As I understand, the damage of the first generator attack should be calculated before armor and damage reducing effects and the spawn the Holy secondary attack. After that the physical generator attack get's mitigated by armor and damage reducing effects while the Holy spawned attack get's modified by Inquisition, spell damage taken debuff and so on, no?
It sounds a lot like it works exactly like the late WotLK Scourge Strike (is it still the same?) - the damage dealt by the magical portion is calculated from the melee attack upon it's landing. Scourge Strike was made function like that in WotLK to make UH DKs scale better with Armor Penetration. This might also explain why Hand of Light might not be affected by Inquisition at the moment, as both portions of Scourge Strike were carefully set to scale with specific buffs in a specific way to ensure it won't double-dip on anything (if I remember correctly) - Inquisition might not yet be among the effects it's allowed to scale with in the current PTR build.
It sounds a lot like it works exactly like the late WotLK Scourge Strike (is it still the same?) - the damage dealt by the magical portion is calculated from the melee attack upon it's landing. Scourge Strike was made function like that in WotLK to make UH DKs scale better with Armor Penetration.
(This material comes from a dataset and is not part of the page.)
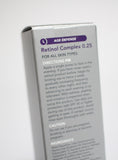 RETINOL COMPLEX 0.25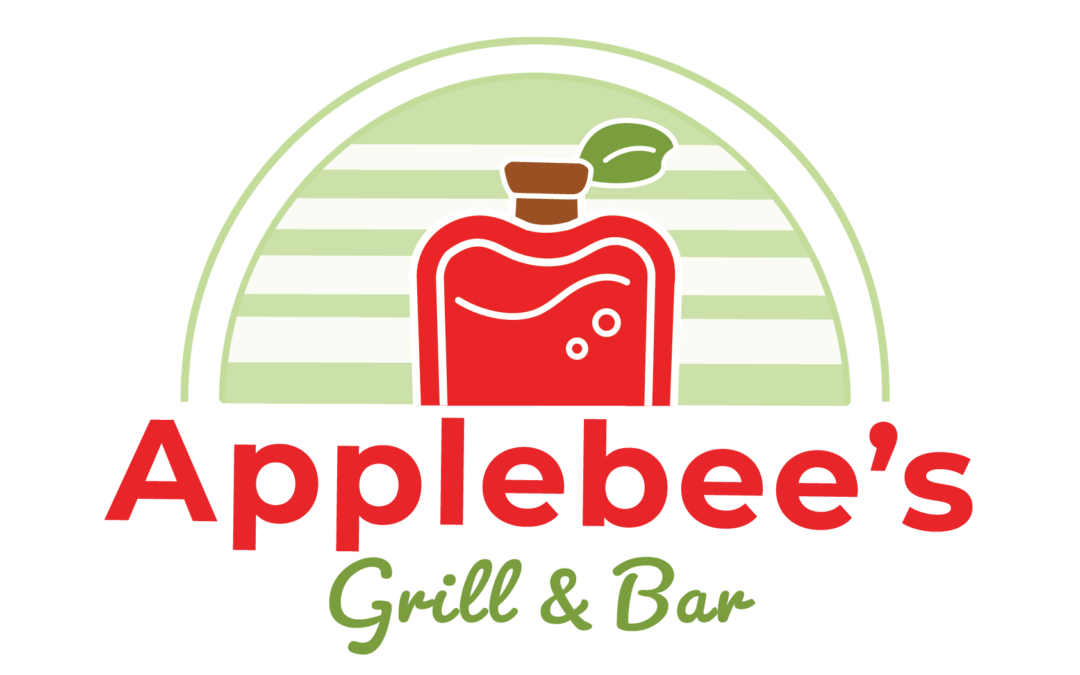 Applebee’s Redesign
This might also explain why Hand of Light might not be affected by Inquisition at the moment, as both portions of Scourge Strike were carefully set to scale with specific buffs in a specific way to ensure it won't double-dip on anything (if I remember correctly) - Inquisition might not yet be among the effects it's allowed to scale with in the current PTR build.
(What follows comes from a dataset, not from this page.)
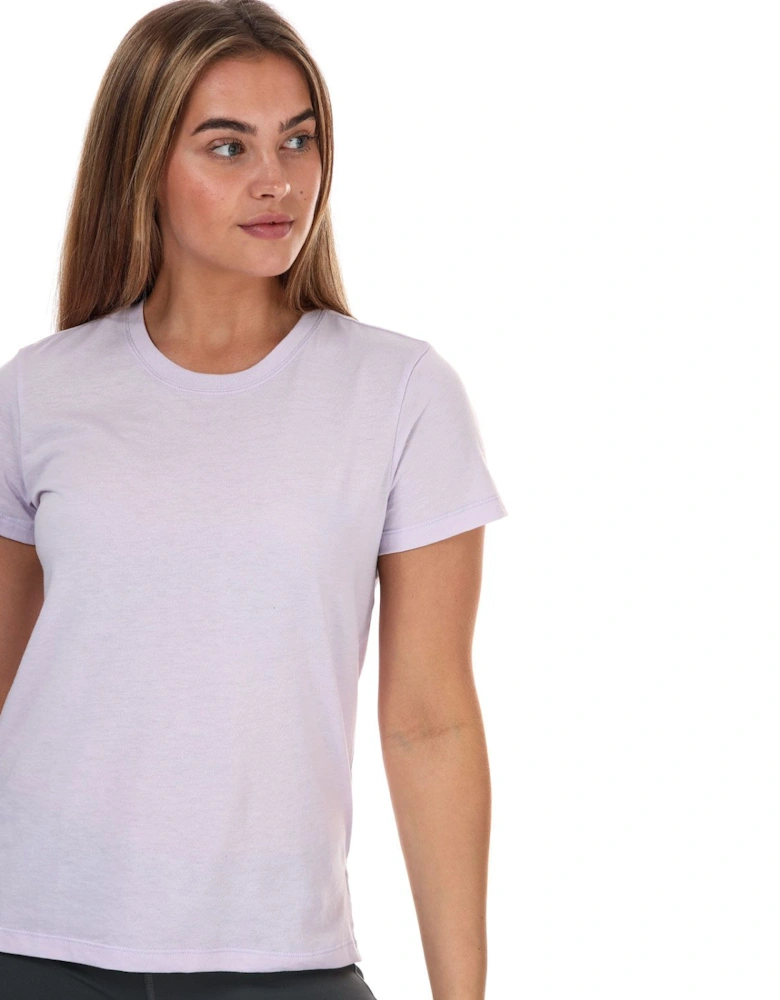 Womens Go-To T-Shirt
It's probably a problem in the way they decided to implement it, not the design by itself. I think it was meant to scale with Inq but they didn't get it right yet. Assuming they want to avoid double-dipping, it won't even after it benefits from Inq since none of the skills HoL is based upon has a holy component to it.
If the current version of HOL goes live my spreadsheet shows that it will improve our overall dps by ~5% and mastery will end up being slightly behind crit and haste. HOL not benefitting from Inquisition or other spell damage buffs means that mastery will be a very useful stat to have and won't be a plague like before but it will still be our worst stat.
What Blizzard might do or how it intends things to work I can't say, but this is a pretty reasonable set of changes. If Inquisition does end up modifying the damage then mastery goes from last to best (of the secondary stats, post capping).